ACTION ITEM -> From the entries below, return only the lines starting at the one that contains "Can-Am 6X6 XU+" and ending at the one that contains "czarny sufit z LED do łazienki", exactly as they stand.

DATA EXTRACT ->
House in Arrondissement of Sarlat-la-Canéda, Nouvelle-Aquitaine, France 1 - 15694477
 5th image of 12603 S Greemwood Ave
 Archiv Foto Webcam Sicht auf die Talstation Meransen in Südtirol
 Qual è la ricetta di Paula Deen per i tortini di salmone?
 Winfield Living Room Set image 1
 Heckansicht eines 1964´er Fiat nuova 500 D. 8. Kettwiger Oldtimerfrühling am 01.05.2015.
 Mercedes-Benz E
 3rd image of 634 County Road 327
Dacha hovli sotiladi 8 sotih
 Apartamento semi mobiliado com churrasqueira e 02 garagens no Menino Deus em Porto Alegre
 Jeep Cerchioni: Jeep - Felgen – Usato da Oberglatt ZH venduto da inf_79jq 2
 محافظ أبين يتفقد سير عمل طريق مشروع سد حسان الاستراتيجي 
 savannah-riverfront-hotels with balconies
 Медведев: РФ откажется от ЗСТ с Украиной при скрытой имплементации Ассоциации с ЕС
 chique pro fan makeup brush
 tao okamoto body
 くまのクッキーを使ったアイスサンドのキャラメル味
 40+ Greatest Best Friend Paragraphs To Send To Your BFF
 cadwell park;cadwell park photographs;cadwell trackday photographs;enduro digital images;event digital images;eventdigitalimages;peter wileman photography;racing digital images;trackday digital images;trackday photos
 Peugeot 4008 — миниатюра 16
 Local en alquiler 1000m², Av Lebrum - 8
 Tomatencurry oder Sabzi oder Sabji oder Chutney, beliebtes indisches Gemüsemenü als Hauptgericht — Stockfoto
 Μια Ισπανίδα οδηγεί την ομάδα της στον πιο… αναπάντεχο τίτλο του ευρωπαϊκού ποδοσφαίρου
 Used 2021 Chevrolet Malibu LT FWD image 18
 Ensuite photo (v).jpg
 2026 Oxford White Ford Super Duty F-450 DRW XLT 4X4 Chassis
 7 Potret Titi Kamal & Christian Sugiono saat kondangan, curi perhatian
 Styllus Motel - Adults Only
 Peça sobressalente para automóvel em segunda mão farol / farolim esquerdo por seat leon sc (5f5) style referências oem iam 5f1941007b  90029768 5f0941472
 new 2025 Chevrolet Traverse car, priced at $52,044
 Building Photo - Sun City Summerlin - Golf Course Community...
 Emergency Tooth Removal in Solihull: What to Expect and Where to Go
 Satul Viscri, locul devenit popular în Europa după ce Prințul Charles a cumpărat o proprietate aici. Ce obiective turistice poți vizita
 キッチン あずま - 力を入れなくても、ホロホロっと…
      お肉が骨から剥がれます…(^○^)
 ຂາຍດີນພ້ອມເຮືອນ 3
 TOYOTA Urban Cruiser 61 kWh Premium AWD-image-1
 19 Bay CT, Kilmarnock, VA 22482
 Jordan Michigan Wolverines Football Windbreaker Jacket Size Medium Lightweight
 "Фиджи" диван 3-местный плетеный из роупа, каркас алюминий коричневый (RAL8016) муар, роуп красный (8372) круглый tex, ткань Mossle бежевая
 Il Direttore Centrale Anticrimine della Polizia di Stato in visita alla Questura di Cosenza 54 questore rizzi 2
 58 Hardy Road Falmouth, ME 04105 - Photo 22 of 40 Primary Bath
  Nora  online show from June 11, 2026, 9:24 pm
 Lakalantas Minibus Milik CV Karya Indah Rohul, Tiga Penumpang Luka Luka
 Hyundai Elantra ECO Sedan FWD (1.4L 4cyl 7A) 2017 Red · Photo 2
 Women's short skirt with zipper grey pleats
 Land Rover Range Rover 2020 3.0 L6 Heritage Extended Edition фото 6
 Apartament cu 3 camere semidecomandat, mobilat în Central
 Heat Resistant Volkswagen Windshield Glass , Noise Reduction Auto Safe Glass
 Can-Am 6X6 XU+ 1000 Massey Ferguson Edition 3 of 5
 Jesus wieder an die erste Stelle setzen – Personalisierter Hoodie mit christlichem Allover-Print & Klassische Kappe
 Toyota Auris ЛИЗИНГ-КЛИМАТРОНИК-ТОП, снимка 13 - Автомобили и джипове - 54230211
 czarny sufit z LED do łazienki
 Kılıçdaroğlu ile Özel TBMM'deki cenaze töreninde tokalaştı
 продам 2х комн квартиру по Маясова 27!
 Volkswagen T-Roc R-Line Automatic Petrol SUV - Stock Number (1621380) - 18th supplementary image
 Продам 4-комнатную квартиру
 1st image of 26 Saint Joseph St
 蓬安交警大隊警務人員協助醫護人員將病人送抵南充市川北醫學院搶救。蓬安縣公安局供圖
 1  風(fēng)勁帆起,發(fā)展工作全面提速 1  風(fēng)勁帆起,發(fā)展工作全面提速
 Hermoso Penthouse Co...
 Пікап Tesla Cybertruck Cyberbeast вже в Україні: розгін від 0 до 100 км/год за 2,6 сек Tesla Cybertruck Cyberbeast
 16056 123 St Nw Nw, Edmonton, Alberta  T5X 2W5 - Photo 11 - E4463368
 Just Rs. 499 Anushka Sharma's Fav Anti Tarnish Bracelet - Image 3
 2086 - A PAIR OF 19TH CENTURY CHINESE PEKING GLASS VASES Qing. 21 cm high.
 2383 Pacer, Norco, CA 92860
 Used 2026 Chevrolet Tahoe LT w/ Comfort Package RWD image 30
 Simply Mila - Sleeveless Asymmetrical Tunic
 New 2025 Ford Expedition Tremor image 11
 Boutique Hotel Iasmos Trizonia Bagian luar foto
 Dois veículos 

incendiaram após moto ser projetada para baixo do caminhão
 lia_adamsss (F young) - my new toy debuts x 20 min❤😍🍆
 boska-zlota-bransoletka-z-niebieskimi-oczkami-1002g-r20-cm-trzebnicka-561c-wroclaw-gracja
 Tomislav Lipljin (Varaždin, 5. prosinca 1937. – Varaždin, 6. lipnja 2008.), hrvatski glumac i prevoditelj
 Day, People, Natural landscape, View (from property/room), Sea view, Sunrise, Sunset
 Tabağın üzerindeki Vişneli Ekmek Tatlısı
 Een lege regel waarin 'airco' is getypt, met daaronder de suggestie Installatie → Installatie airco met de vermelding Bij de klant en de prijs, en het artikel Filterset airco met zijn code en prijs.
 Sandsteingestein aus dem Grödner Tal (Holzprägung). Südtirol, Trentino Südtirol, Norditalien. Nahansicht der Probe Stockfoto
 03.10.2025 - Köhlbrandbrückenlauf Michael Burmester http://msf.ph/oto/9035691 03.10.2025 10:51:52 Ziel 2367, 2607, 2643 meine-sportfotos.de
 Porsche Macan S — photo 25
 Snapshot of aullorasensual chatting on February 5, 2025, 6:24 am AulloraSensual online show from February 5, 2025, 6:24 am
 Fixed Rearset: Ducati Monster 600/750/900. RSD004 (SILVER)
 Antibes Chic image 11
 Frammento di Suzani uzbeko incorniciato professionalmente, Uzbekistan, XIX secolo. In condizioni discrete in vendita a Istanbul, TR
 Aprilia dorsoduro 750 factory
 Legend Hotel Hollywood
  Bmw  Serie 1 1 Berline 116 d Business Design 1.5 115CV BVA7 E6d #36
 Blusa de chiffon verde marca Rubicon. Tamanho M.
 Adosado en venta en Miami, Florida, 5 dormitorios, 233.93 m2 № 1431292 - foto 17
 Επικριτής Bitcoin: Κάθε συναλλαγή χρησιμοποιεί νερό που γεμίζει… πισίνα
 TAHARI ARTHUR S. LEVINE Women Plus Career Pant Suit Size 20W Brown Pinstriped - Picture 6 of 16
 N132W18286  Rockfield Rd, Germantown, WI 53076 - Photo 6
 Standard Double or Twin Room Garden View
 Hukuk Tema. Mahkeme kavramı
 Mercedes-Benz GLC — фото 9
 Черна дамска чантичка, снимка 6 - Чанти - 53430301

ANSWER FOR THE TASK ->
 Can-Am 6X6 XU+ 1000 Massey Ferguson Edition 3 of 5
 Jesus wieder an die erste Stelle setzen – Personalisierter Hoodie mit christlichem Allover-Print & Klassische Kappe
 Toyota Auris ЛИЗИНГ-КЛИМАТРОНИК-ТОП, снимка 13 - Автомобили и джипове - 54230211
 czarny sufit z LED do łazienki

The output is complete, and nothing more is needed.